The charges relate to 40 false claims for mortgage interest on Morley’s home in Winterton, near Scunthorpe, between 2004 and 2007. He pocketed £30,428 in claims on a “phantom” mortgage and by inflating the amount he previously paid.

The amount he pocketed eclipses that wrongly claimed by other parliamentarians – David Chaytor, Jim Devine and ex-Barnsley Central MP Eric Illsley – who have already been jailed for fiddling their expenses

James Sturman QC, for the defence, told Mr Justice Saunders that his client accepted a jail sentence was likely but urged the judge to consider his “lifetime of public service”. Referring to a jail term, he added: “We know it is not a question of if but how long.”

A former teacher and Hull councillor, he became MP for Scunthorpe in 1987. In Opposition, he was spokesman on rural affairs and animal welfare. In Government, he served as Environment Minister from 2003 to 2006.

In an interview shortly after being charged, Morley said: “I want to stress I totally reject I have done anything wrong and look forward to being able to make my case in detail.”

He added that his defence would be “robust” and insisted: “Resigning now would be an admission of guilt and I am entitled to be considered innocent until proven guilty.”

Outside court yesterday, he said “any comments I might make” will be at the next hearing.

Emma Boon, campaign director at the TaxPayers’ Alliance, said: “Thanks to Morley taking so long to make an admission of guilt, taxpayers have had to suffer the insult not only of him stealing from them, but then lying about it and dragging out an expensive prosecution.”

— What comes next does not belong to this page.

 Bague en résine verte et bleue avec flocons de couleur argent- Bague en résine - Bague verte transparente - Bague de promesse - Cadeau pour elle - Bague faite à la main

She added: “This guilty plea is one more small step towards Parliament regaining public trust.”

Morley, wearing a dark blue suit and striped tie, spoke in court only to confirm his name and enter two guilty pleas. The brief hearing was adjourned for pre-sentence reports to be submitted by May 12.

Jim Devine, the first MP to stand trial over expenses, was jailed last month for 16 months for offences totalling £8,385.

Two other former Labour members, David Chaytor, who lived in Todmorden, and Eric Illsley, were jailed after pleading guilty to falsely claiming £22,000 and £14,500 respectively.

Former Tory peer Lord Taylor of Warwick awaits sentencing after being convicted of falsely claiming more than £11,000.